Reputation: 4307
I have to search through a list and replace all occurrences of one element with another. So far my attempts in code are getting me nowhere, what is the best way to do this?
For example, suppose my list has the following integers
a = [1, 2, 3, 4, 5, 1, 2, 3, 4, 5, 1]
and I need to replace all occurrences of the number 1 with the value 10 so the output I need is
a = [10, 2, 3, 4, 5, 10, 2, 3, 4, 5, 10]
Thus my goal is to replace all instances of the number 1 with the number 10.
Upvotes: 428
Views: 1391275
Reputation: 23131
In many cases, defining a replacer function and calling it in a loop is very readable. It's very useful if values need to be replaced using some rule. For example, to replace values depending on whether it's divisible by 15, 3 or 5, one can define a function that checks conditions and returns an appropriate value.
def fizzbuzz(num):
if num % 15 == 0:
return 'FizzBuzz'
elif num % 3 == 0:
return 'Fizz'
elif num % 5 == 0:
return 'Buzz'
else:
return num
a = [1, 2, 3, 4, 5, 10, 15, 1]
a[:] = (fizzbuzz(n) for n in a)
# or
a[:] = map(fizzbuzz, a)
a # [1, 2, 'Fizz', 4, 1, 'Buzz', 'Fizz', 2, 'Fizz', 1, 1]
One thing to note is that (at least as of python 3.10) if a function needs to be called on every element in a list, then map()
is faster than a comprehension.1
This difference is even more pronounced for built-in methods such as dict.get()
.2 So @roipoussiere's solution can be made twice as fast by simply mapping it like the following.

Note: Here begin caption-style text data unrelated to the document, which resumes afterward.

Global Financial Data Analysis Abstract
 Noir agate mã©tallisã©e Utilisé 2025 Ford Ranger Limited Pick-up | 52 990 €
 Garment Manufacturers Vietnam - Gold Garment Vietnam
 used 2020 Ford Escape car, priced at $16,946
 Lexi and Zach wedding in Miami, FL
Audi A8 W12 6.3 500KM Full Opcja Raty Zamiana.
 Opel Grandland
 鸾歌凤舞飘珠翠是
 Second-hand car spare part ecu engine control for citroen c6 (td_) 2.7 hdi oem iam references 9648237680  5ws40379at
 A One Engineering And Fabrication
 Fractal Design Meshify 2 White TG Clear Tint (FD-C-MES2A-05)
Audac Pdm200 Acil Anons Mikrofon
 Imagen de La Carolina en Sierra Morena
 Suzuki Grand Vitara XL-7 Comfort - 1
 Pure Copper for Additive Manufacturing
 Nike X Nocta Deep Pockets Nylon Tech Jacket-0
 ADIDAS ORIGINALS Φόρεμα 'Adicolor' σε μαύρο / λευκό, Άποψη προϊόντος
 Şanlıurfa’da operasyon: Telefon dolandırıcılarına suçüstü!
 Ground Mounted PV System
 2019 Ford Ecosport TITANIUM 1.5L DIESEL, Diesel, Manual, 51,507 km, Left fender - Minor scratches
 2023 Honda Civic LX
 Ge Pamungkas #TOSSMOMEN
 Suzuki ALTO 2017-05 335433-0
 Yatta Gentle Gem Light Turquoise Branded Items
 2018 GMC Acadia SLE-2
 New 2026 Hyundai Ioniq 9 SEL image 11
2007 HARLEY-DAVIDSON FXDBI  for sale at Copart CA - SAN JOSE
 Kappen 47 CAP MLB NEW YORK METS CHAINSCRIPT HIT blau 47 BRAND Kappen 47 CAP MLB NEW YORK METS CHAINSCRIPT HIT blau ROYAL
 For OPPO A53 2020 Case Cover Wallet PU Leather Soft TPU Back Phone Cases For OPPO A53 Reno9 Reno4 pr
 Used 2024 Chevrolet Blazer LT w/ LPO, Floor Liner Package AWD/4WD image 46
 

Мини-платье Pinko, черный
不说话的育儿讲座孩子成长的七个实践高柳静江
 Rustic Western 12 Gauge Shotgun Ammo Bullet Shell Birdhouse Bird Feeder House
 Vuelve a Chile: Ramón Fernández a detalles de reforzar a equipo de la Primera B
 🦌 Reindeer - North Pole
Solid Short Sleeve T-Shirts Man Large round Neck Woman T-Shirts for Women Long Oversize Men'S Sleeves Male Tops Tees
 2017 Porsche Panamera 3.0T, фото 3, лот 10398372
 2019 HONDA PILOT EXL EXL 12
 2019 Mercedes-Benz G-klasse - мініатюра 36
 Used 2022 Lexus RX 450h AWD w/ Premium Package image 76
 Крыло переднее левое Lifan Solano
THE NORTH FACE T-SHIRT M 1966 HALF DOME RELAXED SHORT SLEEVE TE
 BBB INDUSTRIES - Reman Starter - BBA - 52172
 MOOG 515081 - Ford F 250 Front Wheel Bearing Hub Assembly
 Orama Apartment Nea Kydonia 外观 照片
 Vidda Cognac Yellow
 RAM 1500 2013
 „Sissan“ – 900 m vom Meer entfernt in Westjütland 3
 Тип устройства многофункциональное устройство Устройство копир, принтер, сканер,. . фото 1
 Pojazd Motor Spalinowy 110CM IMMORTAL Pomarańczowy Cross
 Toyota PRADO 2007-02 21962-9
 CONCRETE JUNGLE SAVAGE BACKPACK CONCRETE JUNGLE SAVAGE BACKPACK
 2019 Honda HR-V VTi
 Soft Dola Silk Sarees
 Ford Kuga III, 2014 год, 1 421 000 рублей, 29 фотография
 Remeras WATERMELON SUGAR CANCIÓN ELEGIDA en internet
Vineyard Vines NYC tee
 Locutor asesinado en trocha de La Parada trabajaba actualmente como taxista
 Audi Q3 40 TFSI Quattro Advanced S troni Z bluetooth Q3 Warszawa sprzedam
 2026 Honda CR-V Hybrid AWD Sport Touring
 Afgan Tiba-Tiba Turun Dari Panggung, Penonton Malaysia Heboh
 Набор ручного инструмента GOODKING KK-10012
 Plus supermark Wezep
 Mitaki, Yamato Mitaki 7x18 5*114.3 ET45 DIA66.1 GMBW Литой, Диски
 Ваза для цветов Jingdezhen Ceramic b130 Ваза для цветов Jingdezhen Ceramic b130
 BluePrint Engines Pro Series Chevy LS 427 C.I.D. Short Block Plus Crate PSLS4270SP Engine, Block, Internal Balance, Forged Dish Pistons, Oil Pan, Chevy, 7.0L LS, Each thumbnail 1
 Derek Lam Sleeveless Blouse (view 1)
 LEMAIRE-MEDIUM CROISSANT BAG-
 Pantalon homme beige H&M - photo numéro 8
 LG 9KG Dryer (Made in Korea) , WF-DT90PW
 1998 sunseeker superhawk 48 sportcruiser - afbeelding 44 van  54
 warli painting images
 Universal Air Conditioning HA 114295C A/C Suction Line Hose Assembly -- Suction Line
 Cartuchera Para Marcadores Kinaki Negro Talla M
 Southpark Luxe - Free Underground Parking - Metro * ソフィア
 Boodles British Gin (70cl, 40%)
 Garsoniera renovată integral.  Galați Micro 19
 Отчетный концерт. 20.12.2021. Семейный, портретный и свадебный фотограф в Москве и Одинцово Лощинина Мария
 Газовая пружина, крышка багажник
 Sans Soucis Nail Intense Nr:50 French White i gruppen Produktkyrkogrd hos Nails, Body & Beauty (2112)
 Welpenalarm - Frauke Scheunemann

a = [1, 2, 3, 4, 1, 5, 3, 2, 6, 1, 1]
replacer = {1:10, 2:20, 3:'foo'}.get
a[:] = map(replacer, a, a) # in-place replacement
a1 = [*map(replacer, a, a)] # new list
1 map()
is ~20% faster than calling a function in a list comprehension in the example below.
a = [1, 2, 3, 4, 1, 5, 3, 2, 6, 1, 1]*10000
%timeit [fizzbuzz(n) for n in a]
# 15.1 ms ± 443 µs per loop (mean ± std. dev. of 7 runs, 1,000 loops each)
%timeit list(map(fizzbuzz, a))
# 12.7 ms ± 27.4 µs per loop (mean ± std. dev. of 7 runs, 1,000 loops each)
2 When replacing values using dict.get()
, mapping it is ~2 times faster than calling it in a list comprehension.
a = [1, 2, 3, 4, 1, 5, 3, 2, 6, 1, 1]*10000
replacer = {1:10, 2:20, 3:'foo'}.get
%timeit [replacer(n,n) for n in a]
# 4.64 ms ± 195 µs per loop (mean ± std. dev. of 7 runs, 1,000 loops each)
%timeit list(map(replacer, a, a))
# 2.21 ms ± 13.3 µs per loop (mean ± std. dev. of 7 runs, 1,000 loops each)
Upvotes: 1
Reputation: 5529
On long lists and rare occurrences its about 3x faster using list.index()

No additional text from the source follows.